Disney will go head-to-head with Netflix once the service is launched this fall, with the latter being forced to remove any content owned by Disney from its platform. Per reports from Variety, Disney+ hopes to be the premiere destination for beloved animated Disney classics like The Little Mermaid and The Lion King, Pixar movies like Up and Toy Story, and every single movie and spin-off that makes up the Star Wars franchise.
Disney also owns the Marvel cinematic and extended television universe, which has a handful of Marvel live-action projects in development, including spin-off movies and shows based on Tom Hiddleston’s Loki, Elizabeth Olsen’s Scarlet Witch, and Jeremy Renner’s Hawkeye characters from the Avengers franchise. There will even be 250 hours of National Geographic content, including the Oscar-winning documentary Free Solo. Additionally, because Disney gobbled up 21st Century Fox for $52 billion in 2017, the new VOD subscription service will have every episode of The Simpsons, making Disney+ a content treasure trove for people of all ages and maturity levels.
Netflix will have to go hard with promoting not only their original content but the archive of older films and series and new releases if they want to stay afloat.
There’s also the issue of pricing. Disney+, with its archive of Pixar, Marvel, Star Wars, and The Simpsons, and its 2019 slate of new releases (including Captain Marvel, Dumbo, Toy Story 4, Avengers: Endgame, and even the live-action remakes of Aladdin and The Lion King), is cheaper. Netflix has recently boosted the charge for its basic subscription service to $8.99 per month, while it’s HD plan is now $12.99, just two dollars cheaper than HBO Now’s $14.99-per-month charge. Not only is Disney+ offering a monthly subscription fee that costs only $6.99, but it plans to give subscribers the option to pay an annual fee of $69.99, which would bring the monthly cost to $5.83. Netflix, of course, is not the only competitor in the game: Apple TV+ also launches this fall, and as last month’s press conference revealed, some very big names (from Oprah and Prince Harry to Steven Spielberg and Reese Witherspoon) are involved in taking it off the ground.

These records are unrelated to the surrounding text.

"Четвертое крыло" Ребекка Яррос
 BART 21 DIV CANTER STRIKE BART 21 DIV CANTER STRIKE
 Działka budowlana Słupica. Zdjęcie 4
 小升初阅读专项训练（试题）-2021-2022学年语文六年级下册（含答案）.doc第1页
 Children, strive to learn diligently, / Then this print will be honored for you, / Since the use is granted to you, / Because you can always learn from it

Now, with Netflix’s major stake in the film and television industry, and all of the original content it plans to debut over the next year, it is unlikely that people will cancel their accounts and flock to Disney+, which could be why the latter brand’s main focus right now is just to achieve 95 percent brand awareness in its target audience, according to Disney+’s president of content and marketing, Ricky Strauss.
Disney’s acquisition of 21st Century Fox also includes a 60 percent stake in Hulu, a major competitor of Netflix in the streaming game. The brands may produce a super bundle of Disney+, ESPN+, and Hulu content in the near future, but for now the focus is to drive some of those Netflix users toward Disney+ and take their $6.99 a month.
Eventually, we’ll probably be giving our coins to all of these subscription platforms anyway, since no one can really figure out how to deactivate their accounts.